I then checked the Qt documentation, and QImage::Format_ARGB32_Premultiplied is indeed 4 bytes/pixel, so it should read a size of 4 * width * height. I tried reading the data byte by byte, but the script runs very slowly (~80fps → ~30fps).
Am I missing some details about dbus? Or should modify the way fd object read in Python?
Thanks in advance ![]()
class AreaMonitor:
def __init__(self, interval_ms: int = 1000):
self.bus = dbus.SessionBus()
self.kwin_interface = dbus.Interface(
self.bus.get_object(
bus_name="org.kde.KWin.ScreenShot2",
object_path="/org/kde/KWin/ScreenShot2",
),
dbus_interface="org.kde.KWin.ScreenShot2",
)
self.interval = interval_ms / 1000.0
self._capture_options = {
"include-cursor": dbus.Boolean(False),
"native-resolution": dbus.Boolean(True)
}
def capture_area(self, x: int, y: int, width: int, height: int):
read_fd, write_fd = os.pipe()
try:
write_fd_dbus = dbus.types.UnixFd(write_fd)

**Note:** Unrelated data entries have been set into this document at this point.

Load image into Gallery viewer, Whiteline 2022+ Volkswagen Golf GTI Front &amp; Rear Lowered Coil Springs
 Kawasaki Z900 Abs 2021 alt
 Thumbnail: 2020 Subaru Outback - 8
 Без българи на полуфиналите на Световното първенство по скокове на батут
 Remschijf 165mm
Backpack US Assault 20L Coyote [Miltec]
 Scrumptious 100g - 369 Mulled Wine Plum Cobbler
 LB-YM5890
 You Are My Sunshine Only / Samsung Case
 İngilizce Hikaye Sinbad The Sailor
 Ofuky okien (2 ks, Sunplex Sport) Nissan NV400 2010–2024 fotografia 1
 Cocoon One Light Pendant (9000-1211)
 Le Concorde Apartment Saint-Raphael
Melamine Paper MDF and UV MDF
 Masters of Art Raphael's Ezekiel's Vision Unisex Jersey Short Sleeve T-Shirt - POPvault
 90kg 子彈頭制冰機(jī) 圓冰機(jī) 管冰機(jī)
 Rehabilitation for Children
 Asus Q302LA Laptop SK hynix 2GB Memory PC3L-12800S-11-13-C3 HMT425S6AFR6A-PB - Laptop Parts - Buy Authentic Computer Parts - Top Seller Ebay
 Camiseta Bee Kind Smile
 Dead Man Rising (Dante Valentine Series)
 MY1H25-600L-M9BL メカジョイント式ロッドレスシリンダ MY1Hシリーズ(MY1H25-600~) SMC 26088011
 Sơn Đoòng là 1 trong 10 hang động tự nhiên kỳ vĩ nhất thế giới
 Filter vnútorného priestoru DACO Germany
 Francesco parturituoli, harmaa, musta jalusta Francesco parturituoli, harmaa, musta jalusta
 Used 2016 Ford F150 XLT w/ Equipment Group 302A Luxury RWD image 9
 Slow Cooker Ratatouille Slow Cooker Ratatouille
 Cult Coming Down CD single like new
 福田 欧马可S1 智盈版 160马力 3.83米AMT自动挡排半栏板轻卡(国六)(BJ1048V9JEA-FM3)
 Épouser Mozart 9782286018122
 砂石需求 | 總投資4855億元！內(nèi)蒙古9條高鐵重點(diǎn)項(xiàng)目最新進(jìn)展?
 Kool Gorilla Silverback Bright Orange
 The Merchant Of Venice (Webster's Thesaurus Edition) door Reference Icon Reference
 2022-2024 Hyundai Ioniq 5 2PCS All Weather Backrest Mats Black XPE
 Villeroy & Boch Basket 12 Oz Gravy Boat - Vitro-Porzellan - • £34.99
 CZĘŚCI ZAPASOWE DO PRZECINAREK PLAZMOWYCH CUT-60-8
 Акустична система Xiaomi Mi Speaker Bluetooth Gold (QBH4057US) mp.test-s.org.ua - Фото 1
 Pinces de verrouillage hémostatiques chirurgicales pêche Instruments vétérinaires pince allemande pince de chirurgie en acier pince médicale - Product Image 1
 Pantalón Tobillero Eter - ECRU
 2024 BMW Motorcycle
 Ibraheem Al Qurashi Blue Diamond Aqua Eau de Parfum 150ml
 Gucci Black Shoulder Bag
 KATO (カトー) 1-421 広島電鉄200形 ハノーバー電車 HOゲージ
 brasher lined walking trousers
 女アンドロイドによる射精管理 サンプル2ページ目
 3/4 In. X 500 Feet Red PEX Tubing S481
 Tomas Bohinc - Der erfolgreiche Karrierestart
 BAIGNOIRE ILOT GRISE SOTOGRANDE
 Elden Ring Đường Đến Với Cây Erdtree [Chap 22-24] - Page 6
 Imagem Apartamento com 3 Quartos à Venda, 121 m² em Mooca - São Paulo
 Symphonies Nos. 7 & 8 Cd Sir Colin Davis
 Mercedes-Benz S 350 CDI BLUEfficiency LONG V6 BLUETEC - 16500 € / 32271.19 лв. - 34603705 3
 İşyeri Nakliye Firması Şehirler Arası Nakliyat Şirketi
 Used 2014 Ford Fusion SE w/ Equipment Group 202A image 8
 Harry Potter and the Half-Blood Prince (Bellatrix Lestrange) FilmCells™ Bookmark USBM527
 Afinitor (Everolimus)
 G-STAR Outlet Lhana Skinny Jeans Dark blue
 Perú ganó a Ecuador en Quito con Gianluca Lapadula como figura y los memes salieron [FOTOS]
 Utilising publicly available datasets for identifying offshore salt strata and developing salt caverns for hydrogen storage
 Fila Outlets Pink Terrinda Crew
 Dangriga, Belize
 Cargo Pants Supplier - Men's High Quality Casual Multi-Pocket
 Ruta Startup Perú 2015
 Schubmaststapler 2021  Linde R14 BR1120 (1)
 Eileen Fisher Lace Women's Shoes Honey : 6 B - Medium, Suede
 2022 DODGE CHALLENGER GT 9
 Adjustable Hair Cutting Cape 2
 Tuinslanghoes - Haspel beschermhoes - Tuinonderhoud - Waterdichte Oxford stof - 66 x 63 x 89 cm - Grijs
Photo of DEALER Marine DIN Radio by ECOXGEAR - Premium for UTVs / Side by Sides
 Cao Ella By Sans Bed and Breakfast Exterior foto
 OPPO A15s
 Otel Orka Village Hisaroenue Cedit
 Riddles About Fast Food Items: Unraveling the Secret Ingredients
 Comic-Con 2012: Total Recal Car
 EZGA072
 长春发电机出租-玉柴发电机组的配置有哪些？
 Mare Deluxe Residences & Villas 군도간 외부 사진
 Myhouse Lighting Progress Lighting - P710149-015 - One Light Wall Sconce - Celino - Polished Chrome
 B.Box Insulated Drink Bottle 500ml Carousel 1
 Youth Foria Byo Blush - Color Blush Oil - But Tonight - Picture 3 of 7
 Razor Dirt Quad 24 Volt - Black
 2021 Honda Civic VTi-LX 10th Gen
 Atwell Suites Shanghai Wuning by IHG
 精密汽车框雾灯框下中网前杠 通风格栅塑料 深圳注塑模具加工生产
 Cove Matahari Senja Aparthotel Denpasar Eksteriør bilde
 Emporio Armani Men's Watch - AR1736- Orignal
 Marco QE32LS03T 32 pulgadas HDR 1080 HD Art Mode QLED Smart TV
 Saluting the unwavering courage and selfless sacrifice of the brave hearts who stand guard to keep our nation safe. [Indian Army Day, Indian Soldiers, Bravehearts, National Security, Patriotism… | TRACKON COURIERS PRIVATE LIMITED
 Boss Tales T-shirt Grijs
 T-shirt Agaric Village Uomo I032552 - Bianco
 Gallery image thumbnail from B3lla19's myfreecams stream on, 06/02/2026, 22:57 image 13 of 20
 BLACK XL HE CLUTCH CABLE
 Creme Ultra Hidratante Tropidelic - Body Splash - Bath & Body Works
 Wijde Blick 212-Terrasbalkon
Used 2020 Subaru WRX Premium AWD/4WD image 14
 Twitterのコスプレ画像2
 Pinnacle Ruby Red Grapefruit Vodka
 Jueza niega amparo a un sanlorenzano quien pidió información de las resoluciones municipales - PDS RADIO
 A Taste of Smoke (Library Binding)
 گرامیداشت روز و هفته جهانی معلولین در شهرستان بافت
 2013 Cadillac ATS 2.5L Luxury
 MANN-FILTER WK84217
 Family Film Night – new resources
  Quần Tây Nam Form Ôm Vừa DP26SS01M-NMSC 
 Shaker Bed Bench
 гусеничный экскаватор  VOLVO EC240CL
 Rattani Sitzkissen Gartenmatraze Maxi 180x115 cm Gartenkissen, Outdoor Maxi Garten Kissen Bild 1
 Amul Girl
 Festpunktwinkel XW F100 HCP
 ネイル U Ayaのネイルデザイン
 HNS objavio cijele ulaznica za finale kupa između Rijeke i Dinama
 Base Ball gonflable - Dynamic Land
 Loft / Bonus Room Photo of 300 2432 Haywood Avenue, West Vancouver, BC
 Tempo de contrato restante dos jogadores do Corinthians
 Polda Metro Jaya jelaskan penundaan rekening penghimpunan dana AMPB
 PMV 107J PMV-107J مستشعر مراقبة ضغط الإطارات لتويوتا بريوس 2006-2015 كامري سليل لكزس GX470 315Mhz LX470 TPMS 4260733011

results = self.kwin_interface.CaptureArea(
dbus.Int32(x), dbus.Int32(y),
dbus.UInt32(width), dbus.UInt32(height),
self._capture_options,
write_fd_dbus
)
os.close(write_fd)
image_width = results.get("width", 0)
image_height = results.get("height", 0)
expected_size = image_width * image_height * 4
with os.fdopen(read_fd, 'rb') as f:
image_data = f.read(expected_size)
return image_data
except Exception as e:
os.close(write_fd)
raise e